→ **Requirement**: The copy should hold only the line containing "NoXx Hoes Geschikt" and the lines after it through the end of the material, each exact, with no pictures.

○ ○ ○ ○ ○

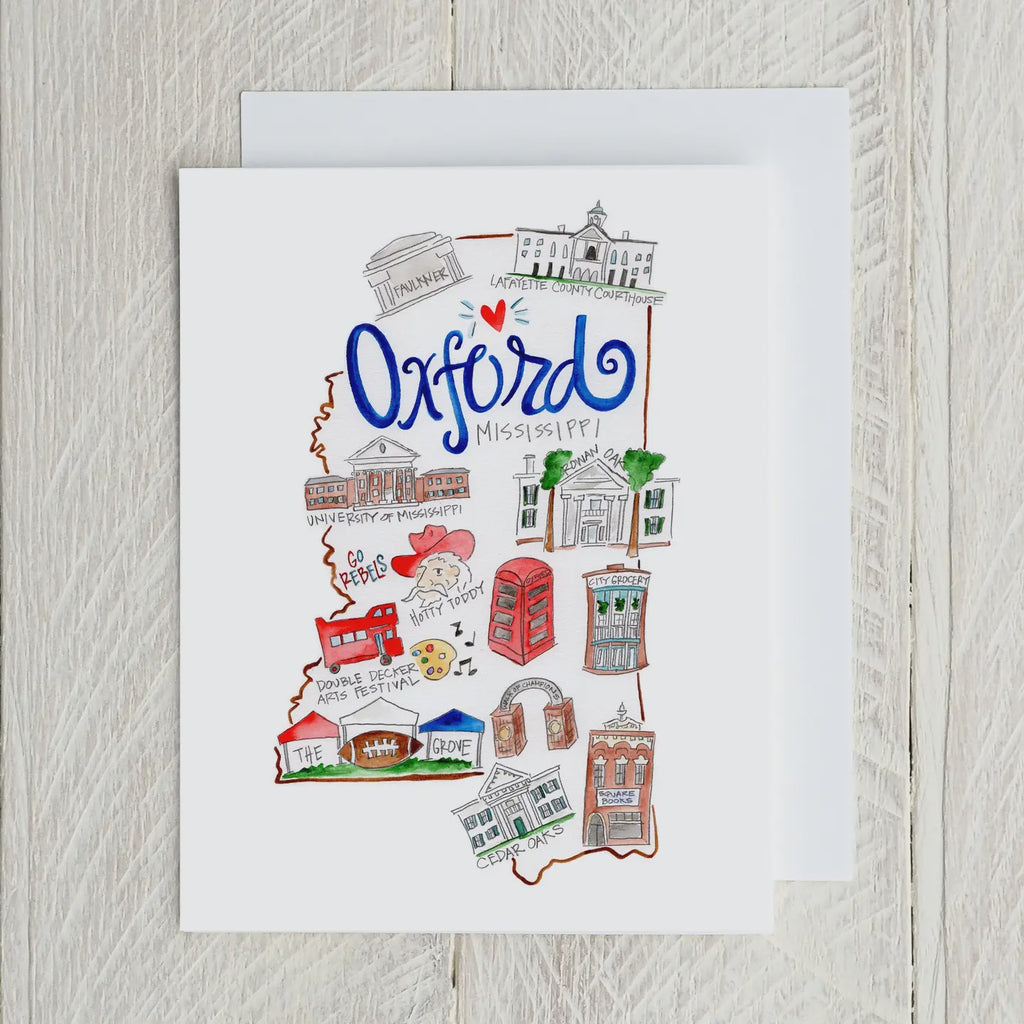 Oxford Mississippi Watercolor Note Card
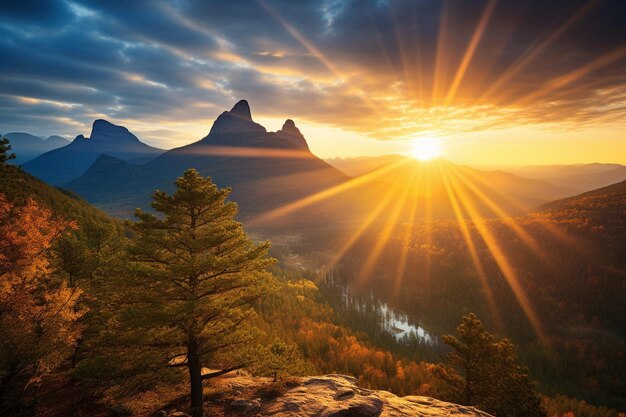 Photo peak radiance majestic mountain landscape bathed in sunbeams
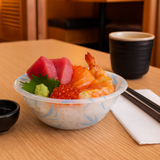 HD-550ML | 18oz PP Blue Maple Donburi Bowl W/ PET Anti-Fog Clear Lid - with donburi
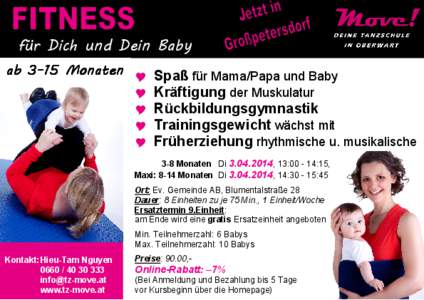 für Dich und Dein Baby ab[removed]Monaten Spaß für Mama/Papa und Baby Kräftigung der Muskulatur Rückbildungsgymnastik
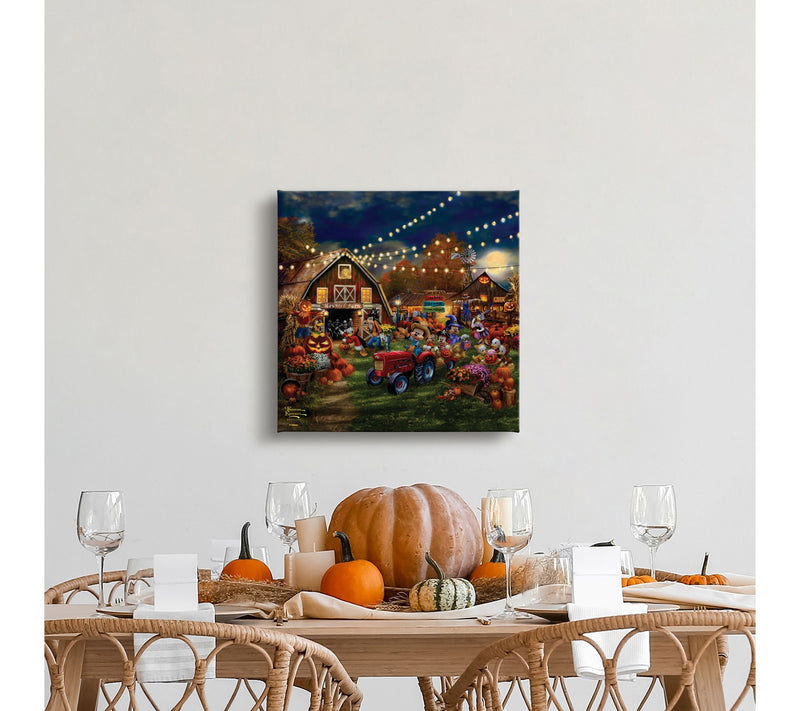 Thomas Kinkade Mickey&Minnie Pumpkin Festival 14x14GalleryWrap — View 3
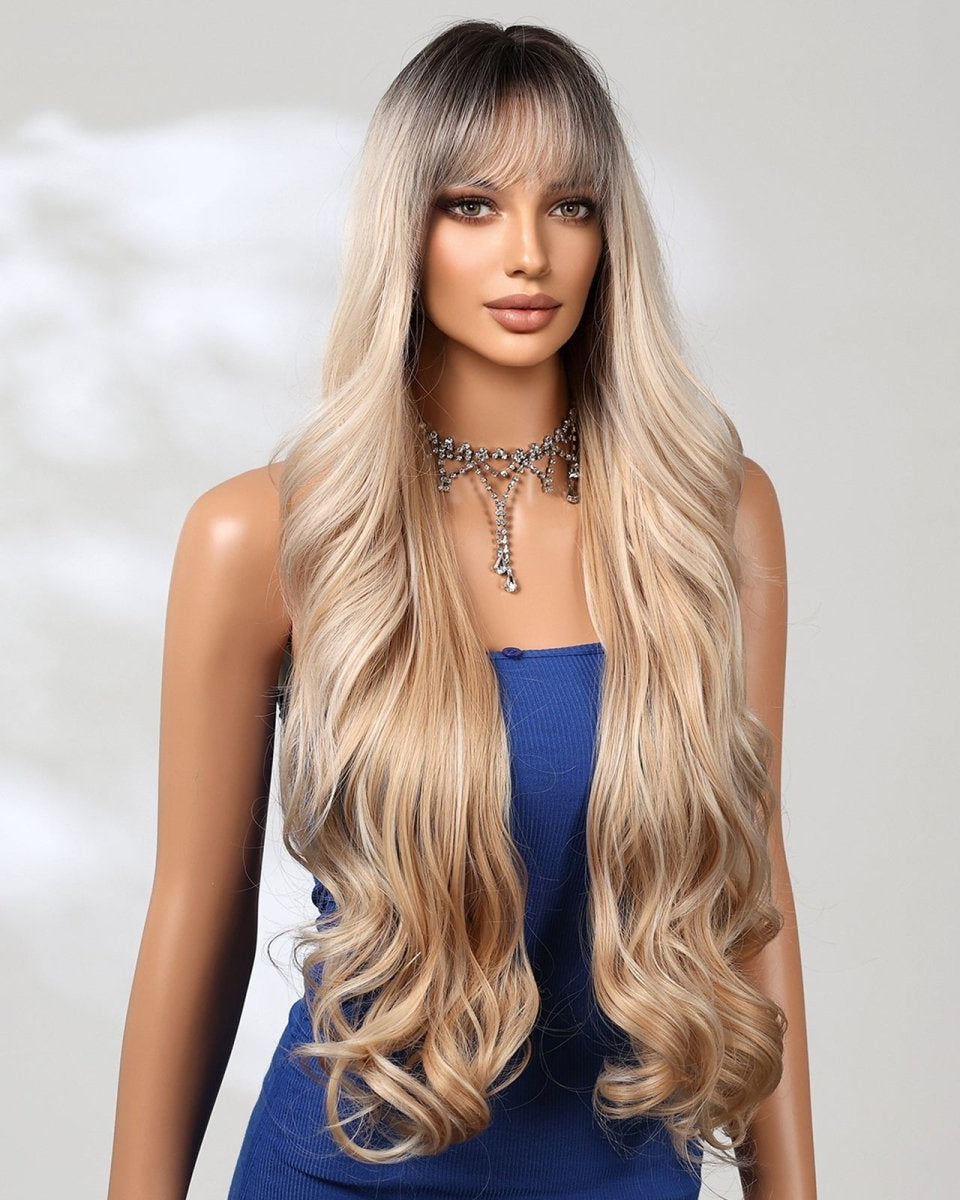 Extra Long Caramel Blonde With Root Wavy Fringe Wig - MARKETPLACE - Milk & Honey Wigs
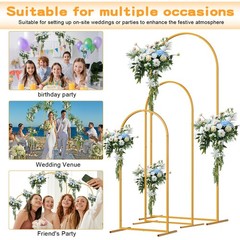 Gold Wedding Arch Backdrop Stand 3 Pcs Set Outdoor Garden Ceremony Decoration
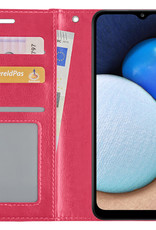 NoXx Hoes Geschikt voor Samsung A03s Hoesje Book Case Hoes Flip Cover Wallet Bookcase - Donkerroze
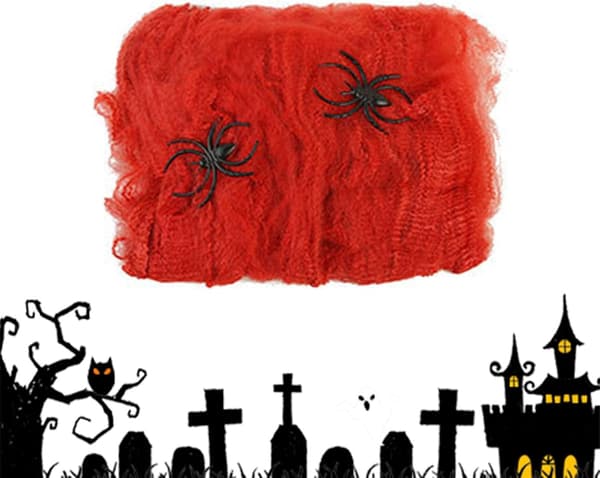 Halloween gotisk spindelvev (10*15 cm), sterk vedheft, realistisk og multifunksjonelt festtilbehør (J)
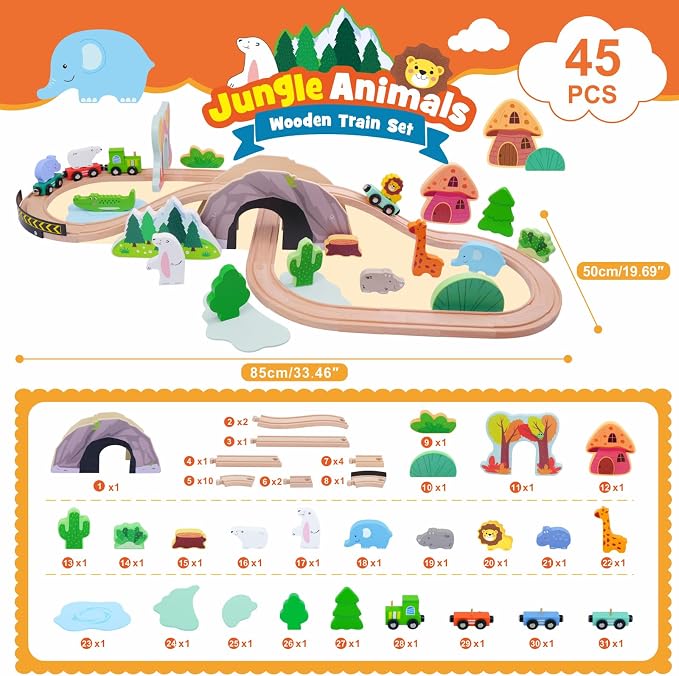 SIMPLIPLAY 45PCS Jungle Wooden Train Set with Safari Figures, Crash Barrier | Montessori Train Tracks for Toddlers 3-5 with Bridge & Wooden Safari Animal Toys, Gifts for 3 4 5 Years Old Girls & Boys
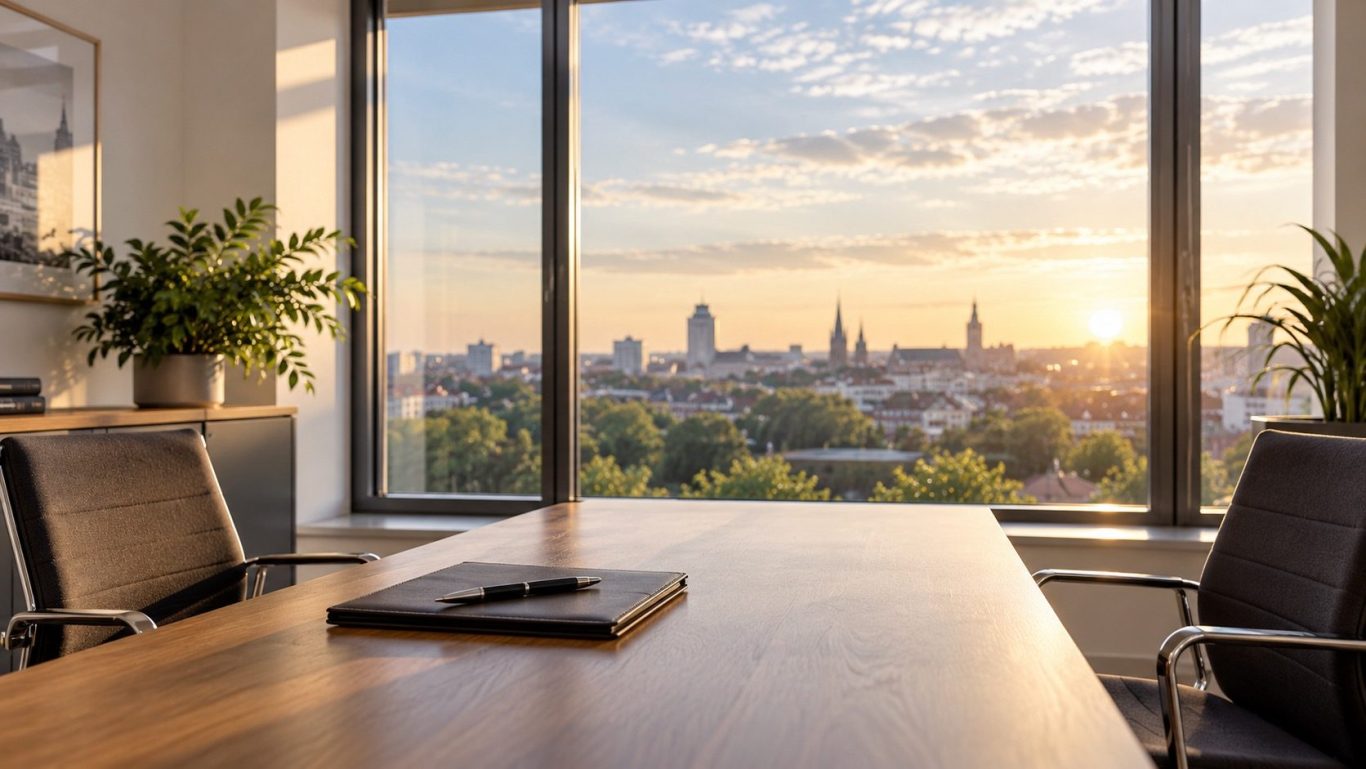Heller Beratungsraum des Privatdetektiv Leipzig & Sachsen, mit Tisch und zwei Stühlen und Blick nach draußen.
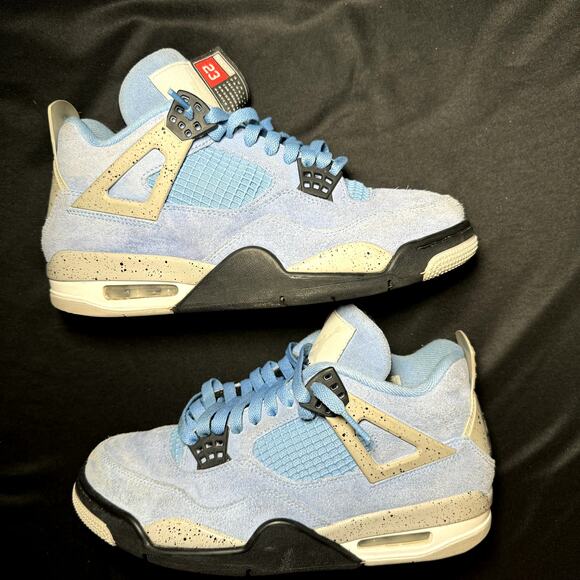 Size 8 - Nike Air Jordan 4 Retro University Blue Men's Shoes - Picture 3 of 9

○ ○ ○ ○ ○

→ **Solution for this problem**:
 NoXx Hoes Geschikt voor Samsung A03s Hoesje Book Case Hoes Flip Cover Wallet Bookcase - Donkerroze
 Halloween gotisk spindelvev (10*15 cm), sterk vedheft, realistisk og multifunksjonelt festtilbehør (J)
 SIMPLIPLAY 45PCS Jungle Wooden Train Set with Safari Figures, Crash Barrier | Montessori Train Tracks for Toddlers 3-5 with Bridge & Wooden Safari Animal Toys, Gifts for 3 4 5 Years Old Girls & Boys
Heller Beratungsraum des Privatdetektiv Leipzig & Sachsen, mit Tisch und zwei Stühlen und Blick nach draußen.
 Size 8 - Nike Air Jordan 4 Retro University Blue Men's Shoes - Picture 3 of 9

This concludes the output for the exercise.